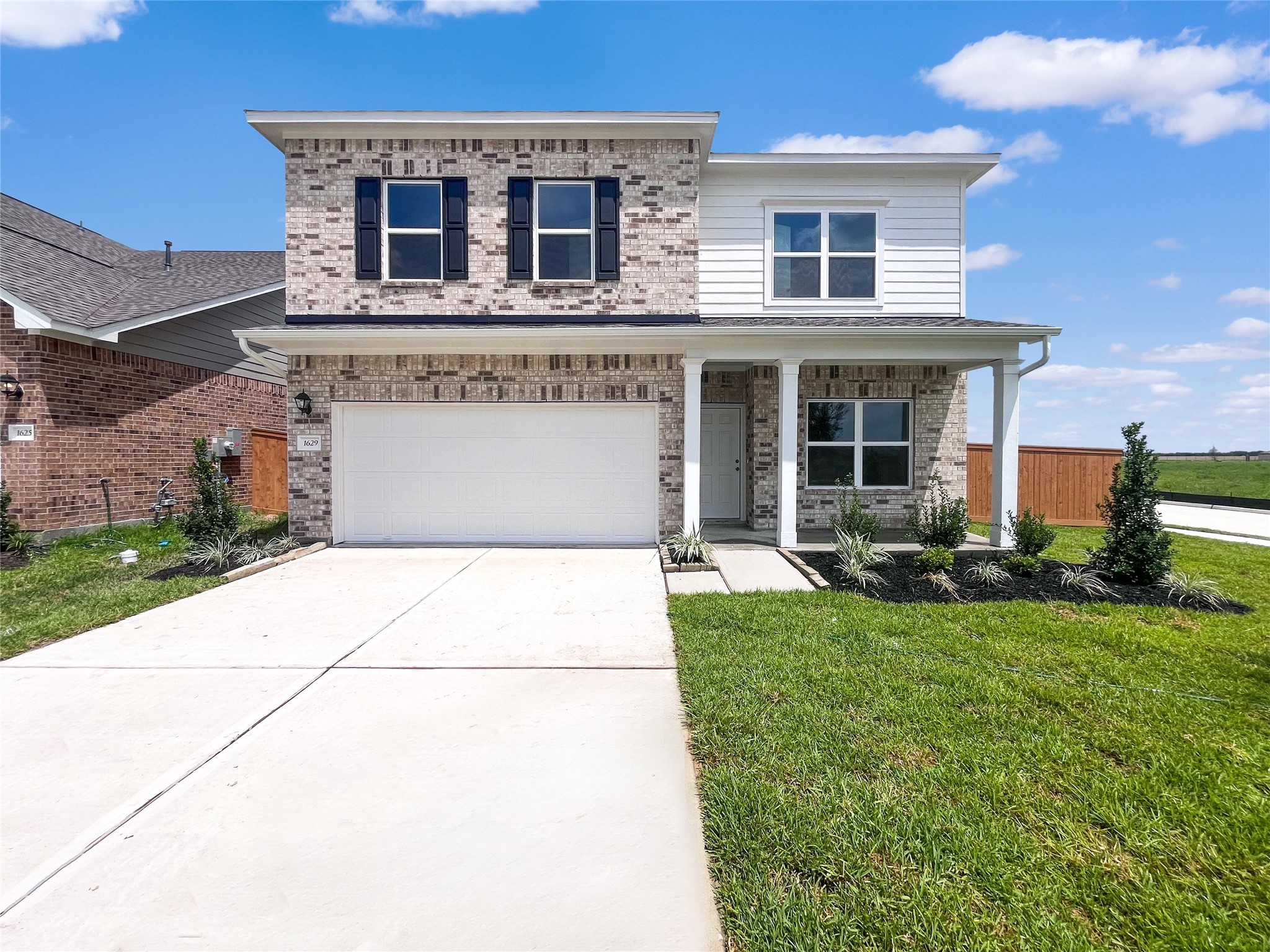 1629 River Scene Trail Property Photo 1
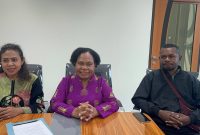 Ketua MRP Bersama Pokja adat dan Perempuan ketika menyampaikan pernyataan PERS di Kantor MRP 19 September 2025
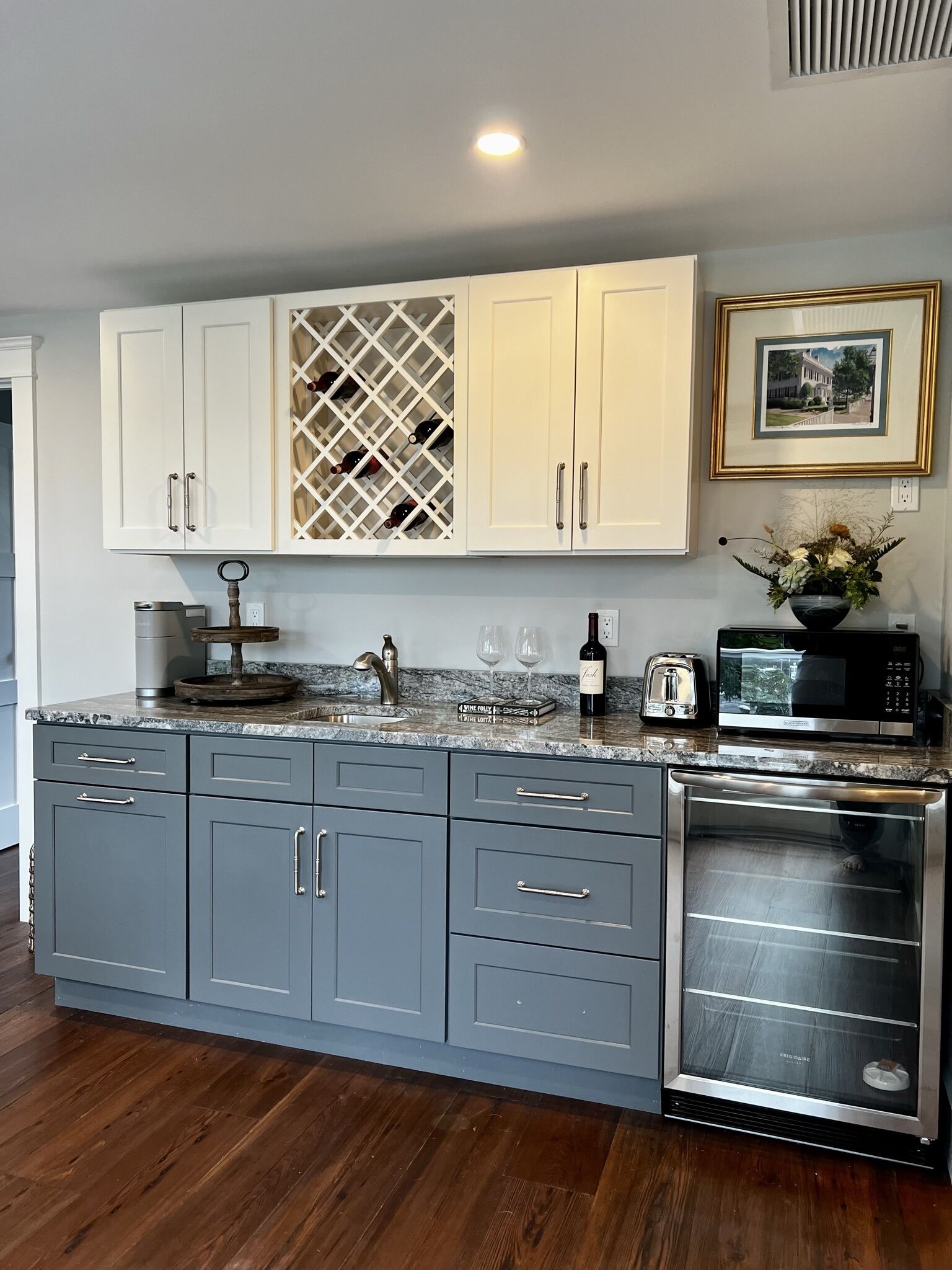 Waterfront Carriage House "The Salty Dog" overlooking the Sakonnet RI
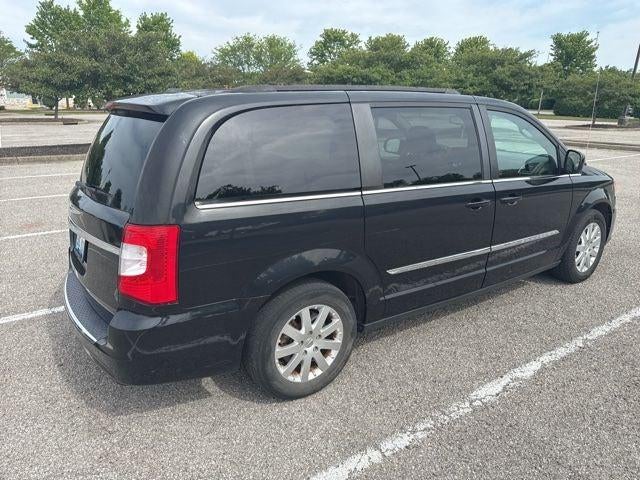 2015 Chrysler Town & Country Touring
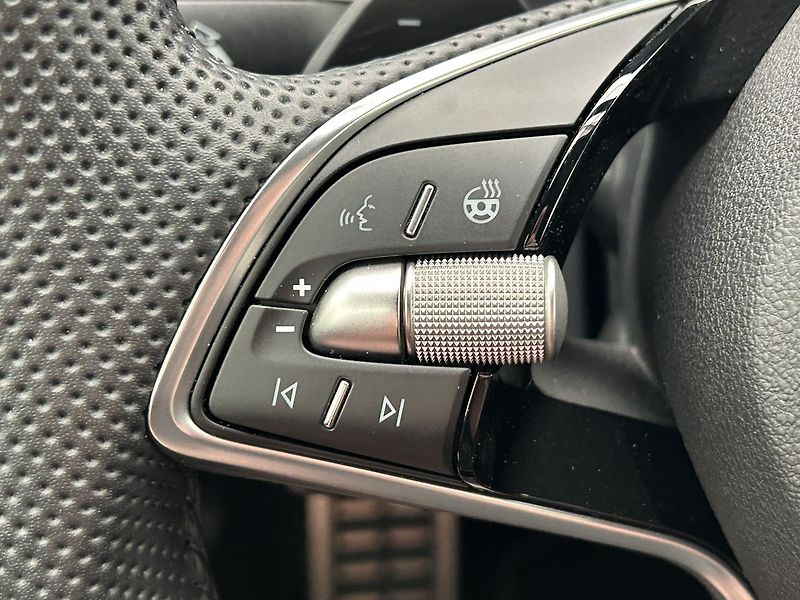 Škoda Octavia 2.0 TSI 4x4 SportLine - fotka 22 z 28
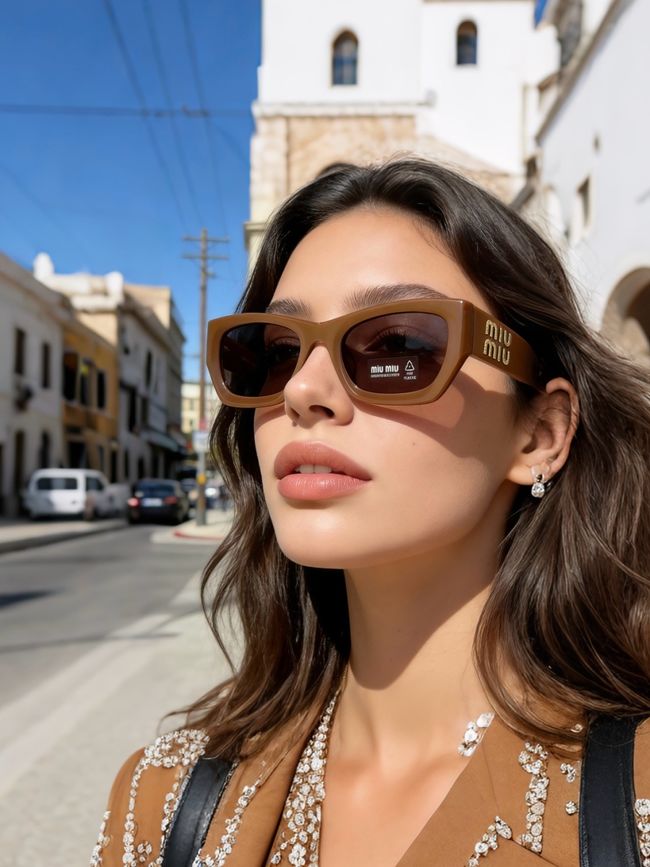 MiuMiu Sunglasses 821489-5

※ ※ ※

◆ Exercise:
Please reproduce the whole listing exactly; the pictures stay out.

◆ Exercise result:
 1629 River Scene Trail Property Photo 1
 Ketua MRP Bersama Pokja adat dan Perempuan ketika menyampaikan pernyataan PERS di Kantor MRP 19 September 2025
 Waterfront Carriage House "The Salty Dog" overlooking the Sakonnet RI
 2015 Chrysler Town & Country Touring
 Škoda Octavia 2.0 TSI 4x4 SportLine - fotka 22 z 28
 MiuMiu Sunglasses 821489-5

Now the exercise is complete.